Eventually the professor woke up for his shift, taking his gun quietly back from her and returning to his seat where he sat watching the room with the air of a stern teacher invigilating an exam. Liza settled down next to Hanna, which wasn’t hugely comfortable on one sofa but had a kind of an intimate necessity to it. Still, she didn’t sleep much. There were too many fragments of ideas rattling around her head. The unknown maid and her role in everything. The reverend and his trust-me-I’m-a-vicar manner. The professor’s butter-wouldn’t-melt timidity that never quite gelled with the way he held a gun. Ruby’s obviously-a-murderer smile. Sir Richard being so very determined to convince everybody there was only one killer.

As the sun started poking intrusively through the drawing room windows the following morning, Mr Burgh and the footman arrived with what remained of breakfast. The guests, bleary-eyed and thoroughly sick of one another, ate in silence, and then, as nobody especially wanted to spend yet more time sitting quietly in the drawing room staring at one another, they trooped upstairs to check on the colonel.

And received no answer.

Chapter Twenty-Eight

The Colonel, in his Room, with Breakfast

Wednesday morning

“Let us all remain calm,” said Sir Richard, although he didn’t exactly have much claim to be calmer than anybody else in the group. “There may be a perfectly reasonable explanation.”

Ruby gave him a scornful look. “Given recent events, is the most reasonable explanation not that he has been brutally murdered in the night?”

“We don’t know that.” Liza was doing her best to be reassuring despite the fundamentally un-reassuring situation.

“True.” Ruby gave a dismissive shrug. “He might have been murdered relatively quietly, which would explain why none of us heard anything.”

Sir Richard was backing up across the corridor, a look of steely determination in his eyes.

“What,” asked Hanna, “do you think you’re doing?”

“Charging down the door.”

She stepped theatrically aside. “Then be my guest.

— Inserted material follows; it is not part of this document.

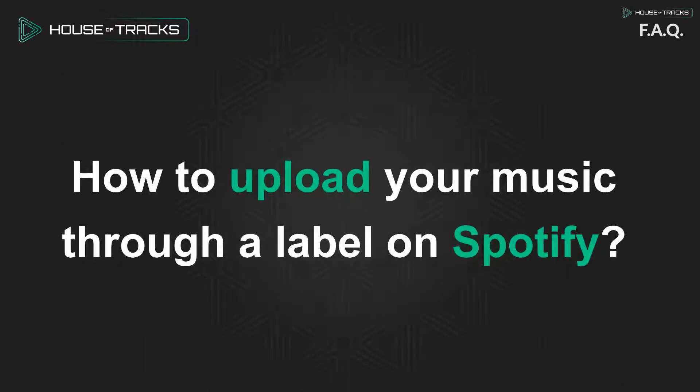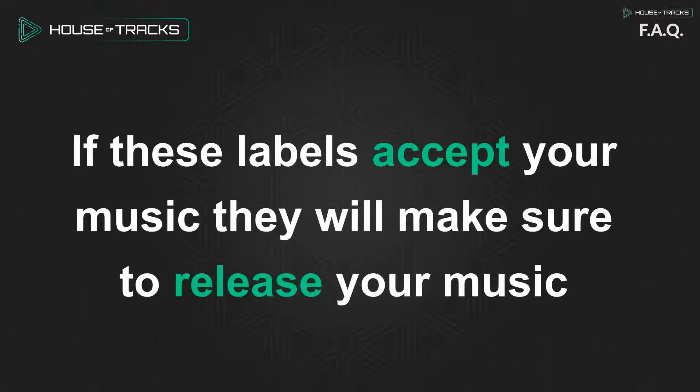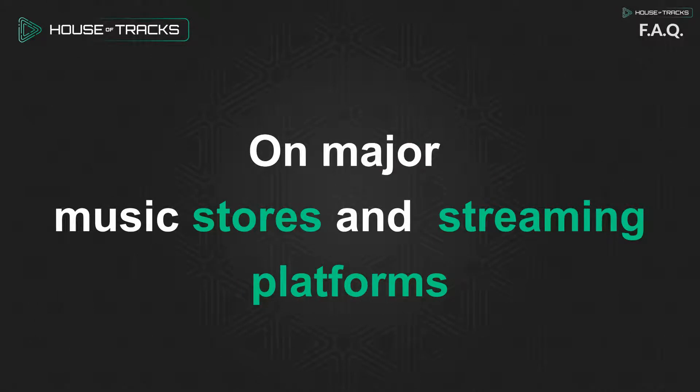How to upload your music through a label on Spotify. One way to get your music on Spotify would be to send your music to record labels. If these labels accept your music, they will make sure to release your music on major music stores and streaming platforms.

Don’t let the fact that there’s a paranoid military officer behind it, who, if he isn’t dead or unconscious, is almost certainly getting ready to shoot anything that comes his way, stop you in the slightest.”

It stopped him in the slightest. “Fair point. What say I go fetch Burgh?”

The reverend and Ruby went with him to ensure an adequate supply of firearms while Hanna and Liza stayed behind with the professor, who was slumped against the wall with a pistol held in his trembling hands.

“I’m really not sure I’m cut out for this,” he said to nobody in particular.

Doing her best to be understanding, Liza settled down next to him. “I don’t think any of us are.”

“Although if you’re not cut out for it, you should probably put down the deadly weapon,” added Hanna.

At that, the professor’s grip tightened, and his hand steadied a moment. “No. No, I think I shall keep it. Just in case the colonel is being … difficult.”

As the minutes passed and they waited for the rest of the party to get back with the key, Liza became increasingly convinced that the colonel was not, in fact, being difficult. It had been long enough with no noise from his room that he was either asleep, exhibiting remarkable self-control, or—and this was fast becoming the most likely possibility—very, very dead.

When Mr Burgh arrived he looked pale, positively drawn. “I’ve spoken to Mary,” he said, which prompted a sharp “Who’s Mary?” from all the guests except the professor, who didn’t seem to care. “She works here? You’ve all seen her multiple times. About this tall.” He held his hand at his shoulder height. “Brown curly hair? I know hotel staff are meant to be invisible, but this is an unusual situation. I thought you might have paid some attention, especially since there are only two of them around at the moment.”

“We’ve been a bit distracted,” explained Liza.

“Because of the murders,” added Sir Richard.

“Although it was also actually probably a bit classist of us,” Hanna admitted. “Especially since some people”—she glared at Sir Richard—”have made her their prime suspect.”

Looking increasingly bored, Ruby folded her arms. “Perhaps rather than wringing our hands about our failure to get on first-name terms with the staff, we could at least get the door open.”